- _WORK ORDER_
Return exactly, please, the line that contains "a large kitchen with a table and chairs" and every line after it through the end of the material that follows, leaving pictures aside.

- _SOURCE DATA_

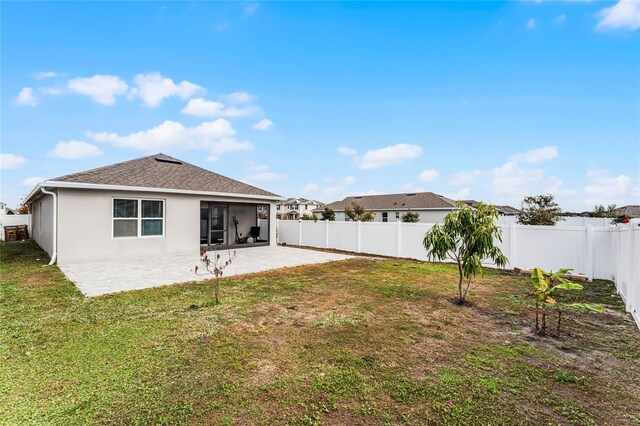 rear view of property featuring a yard and a patio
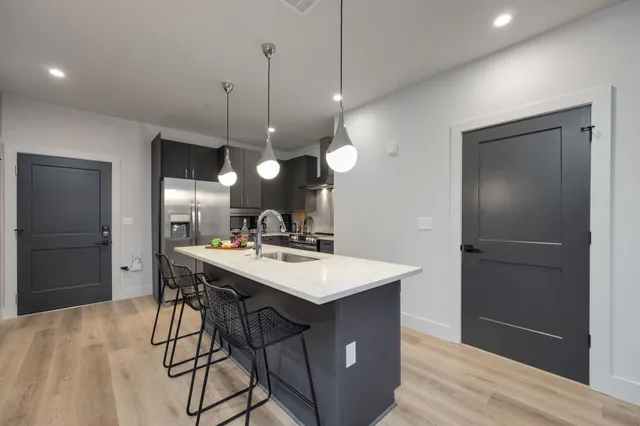 a large kitchen with a table and chairs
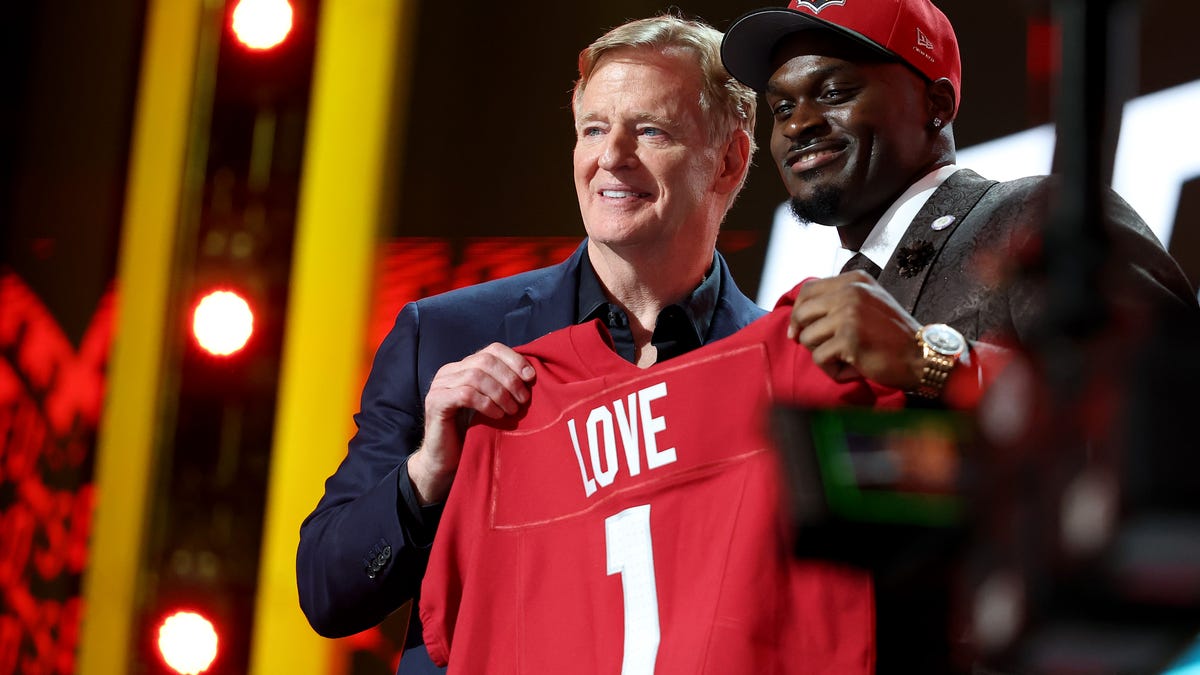 Jeremiyah Love of Notre Dame poses with NFL Commissioner Roger Goodell after being selected third overall pick by the Arizona Cardinals during Round One of the 2026 NFL Draft at Acrisure Stadium on April 23, 2026, in Pittsburgh, Pennsylvania.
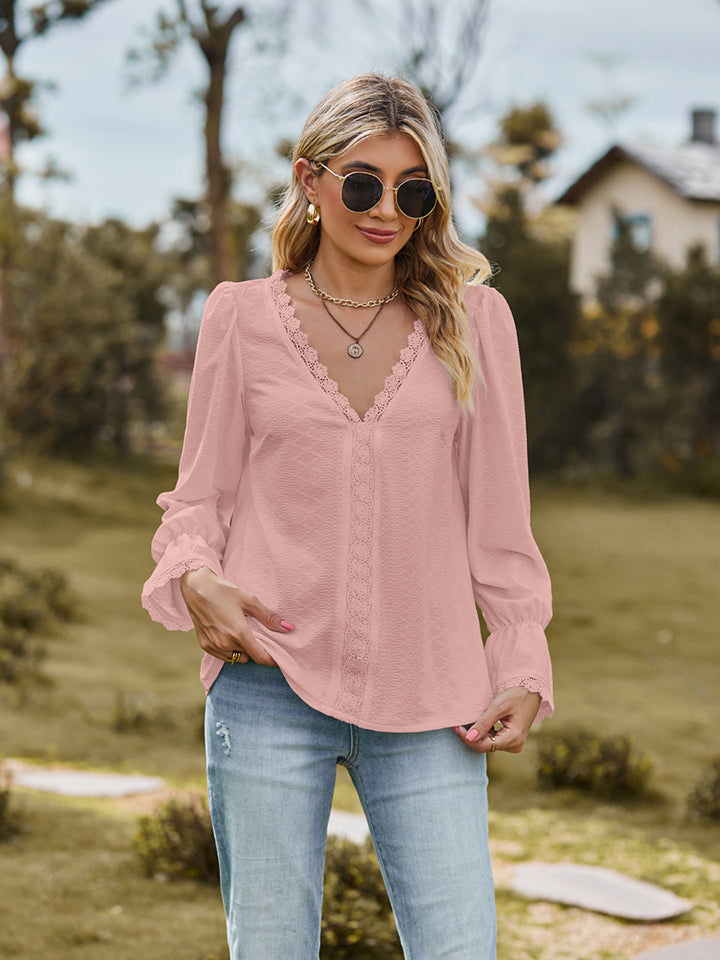Blush pink textured blouse with lace trim neckline and cuffs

- _FINISHED EXERCISE_
 a large kitchen with a table and chairs
 Jeremiyah Love of Notre Dame poses with NFL Commissioner Roger Goodell after being selected third overall pick by the Arizona Cardinals during Round One of the 2026 NFL Draft at Acrisure Stadium on April 23, 2026, in Pittsburgh, Pennsylvania.
Blush pink textured blouse with lace trim neckline and cuffs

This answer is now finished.